The worst destabilizing 1-parameter subgroup for toric rational curves with one unibranch singularity
Joshua Jackson, David Swinarski
TL;DR
This work analyzes the worst destabilizing 1-parameter subgroup for Chow points of toric rational curves with a single unibranch singularity by translating Geometric Invariant Theory stability into an explicit convex optimization problem. The authors show that the worst 1-PS corresponds to the nearest point on a convex cone W to a strategically defined vector a, with the Hilbert-Mumford function reducible to a simple inner product via a·w, leveraging the secondary (Chow) polytope description.
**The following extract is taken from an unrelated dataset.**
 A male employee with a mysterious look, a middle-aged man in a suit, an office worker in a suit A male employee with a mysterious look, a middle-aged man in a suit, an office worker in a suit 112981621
A key result is the persistence phenomenon: for large embedding dimension $N$, the initial segment of the worst-PS weights becomes independent of $N$, while the tail follows a precise linear formula $w_i^* = m i + b$ with $m$ and $b$ given by explicit expressions. The paper combines convex analysis (KKT conditions), combinatorial geometry (Chow/secondary polytopes), and numerical semigroup data to derive explicit descriptions and examples, including higher-order cusps, and outlines future directions towards moduli spaces of unstable curves and extensions to other singularities.
Abstract
Kempf proved that when a point is unstable in the sense of Geometric Invariant Theory, there is a ``worst'' destabilizing 1-parameter subgroup $λ^{*}$. It is natural to ask: what are the worst 1-PS for the unstable points in the GIT problems used to construct the moduli space of curves $\overline{M}_g$? Here we consider Chow points of toric rational curves with one unibranch singular point. We translate the problem as an explicit problem in convex geometry (finding the closest point on a polyhedral cone to a point outside it). We prove that the worst 1-PS has a combinatorial description that persists once the embedding dimension is sufficiently large, and present some examples.